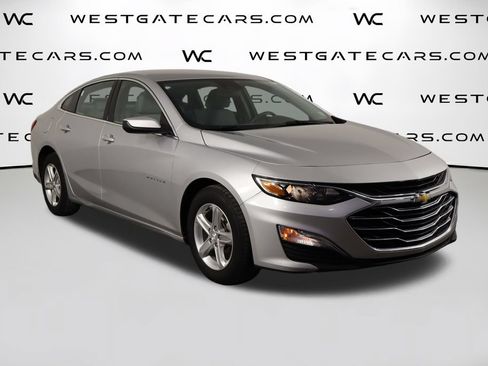 Used 2022 Chevrolet Malibu LS w/ Driver Confidence Package II FWD image 40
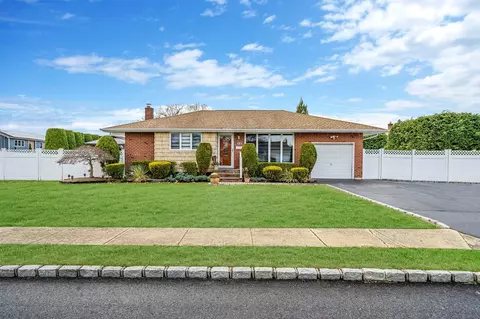 137 15th Ave, West Babylon, NY 11704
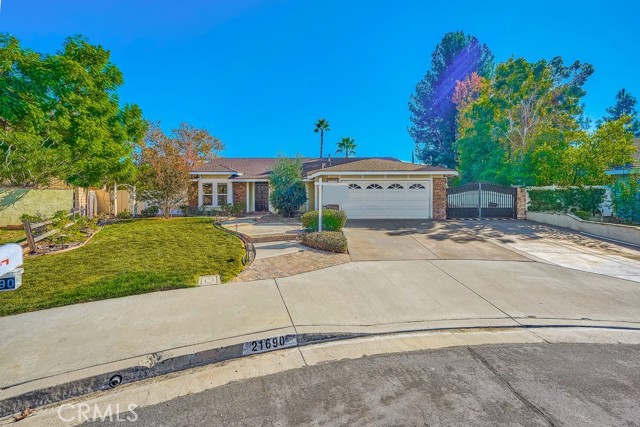 21690 Calle Alcazar, Yorba Linda, CA 92887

> **What this task involves**
The answer must consist solely of the lines from the one with "137 15th Ave, West Babylon, NY 11704" through the final line of the data, each reproduced exactly and with pictures omitted.

> **Response to this task**
 137 15th Ave, West Babylon, NY 11704
 21690 Calle Alcazar, Yorba Linda, CA 92887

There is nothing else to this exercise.